My favorite time of year growing up in Connemara was always Christmas time. A special feeling would settle over the village with the start of December. The preparations would start with the older children going out to cut holly and ivy in different sizes which would be put on the mantle over the hearth, along the windows, around pictures and over the doors.
Christmas Eve was a special day. After the chores were done, we’d get the candles ready for the windows. The candles would be lit by the youngest child in the family after sunset. The candles lit the way for Mary and Jospeh should they pass through on this holiest of nights.
We’d walk about 3 miles to midnight mass at the church in Kilkeerin. There was an air of anticipation and excitement in getting bundled up in your hats and coats and venturing out in the cold December night air. The church would be full with people from our village and neighboring ones. The choir would sing in Latin and Gaelic and it was magical.
When mass was over, we would walk back home. Tiny pinpoints of light scattered across the darkened countryside. In this modern age of electricity, it’s hard to imagine the utter darkness in the 1950’s. On the holiest night of the year, flickering flames beckoned in every window, lighting the way for the Christ Child. The aroma of peat from smoke rising from the chimneys remains with me to this day.
Christmas morning, we would wake early with excitement. Mommy would tell us Santa came down the chimney and left us presents, which would consist of some fruit, a couple of sweets and maybe a toy. Next, we’d get ready for the biggest meal of the year…Christmas dinner. The meal was usually a goose with all the fixings, including potatoes, turnip, carrots, parsnip and gravy. The thought of this makes me hungry! For dessert, there would be Christmas fruit cake with marzipan and icing and custard over warm plum pudding.
We’d spend the evening getting ready for the next day! December 26 is known as St. Stephen’s Day in Ireland. Young boys spend the day visiting neighbors with the holly bush to perform the song of the wren and are given money, such as six pence or a shilling.
The rest of the season was spent with family and friends.
Storytelling, dancing and parties in the homes of neighbors and relatives kept everyone busy and entertained for the full twelve days of Christmas. Finally, January 6, known as twelfth night or the epiphany, also known as Nollaig na mBan, or Women’s Christmas signified the last day of the season!

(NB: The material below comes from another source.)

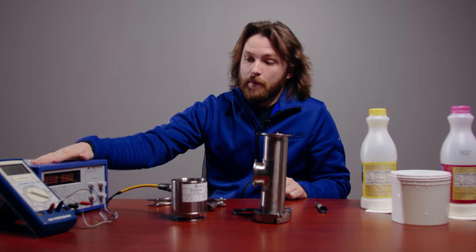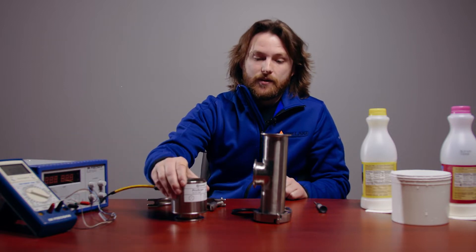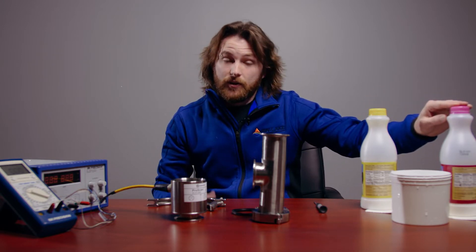Hi there, I'm Colton and today we're going to go over the setup and calibration of the ProScan infrared sensor. I'm going to be using a few tools to accomplish this today: my power supply, multimeter, my cable, my ProScan, and my Tri-Clamp T. The ProScan comes shipped with a default calibration, but we recommend using your own samples to get a more true result. Today I'm going to be using water, 1% milk, and half and half as an example. So let's get started.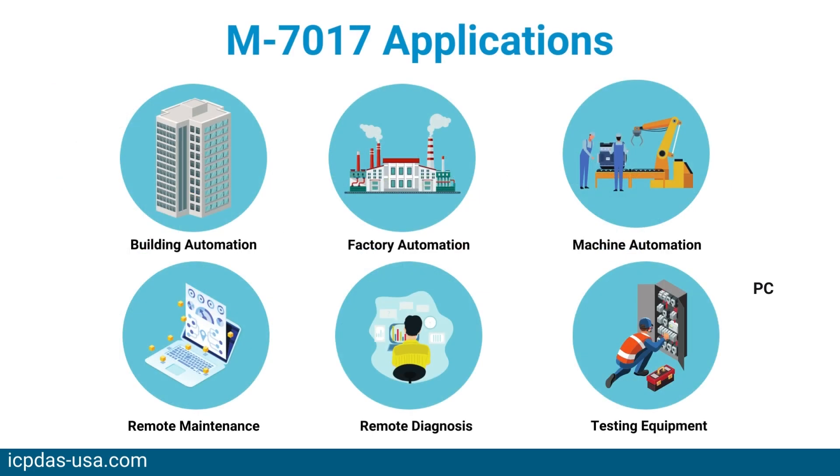Applications are building automation, factory automation, machine automation, remote maintenance, remote diagnosis, and testing equipment.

Whatever your traditions are for the Christmas season, I wish you joy and peace with family and friends.
Nollaig Shona Dhuit
Your Christmas blog is excellent!
Ah, one of my happiest memories is the smell of peat smoke drifting in the air in Connemara and Mayo! I was on a back road on my way to Glassillaun, I saw men digging peat from a bog; had to stop and watch.
Nollaig Shona Dhuit, Danny!
Judy Flaherty, Billerica, MA
Thank you Judy! Writing it sure brought back a lot of wonderful memories. Nollaig Shona Dhuit!
Thank you for sharing your Irish tradition at Christmas.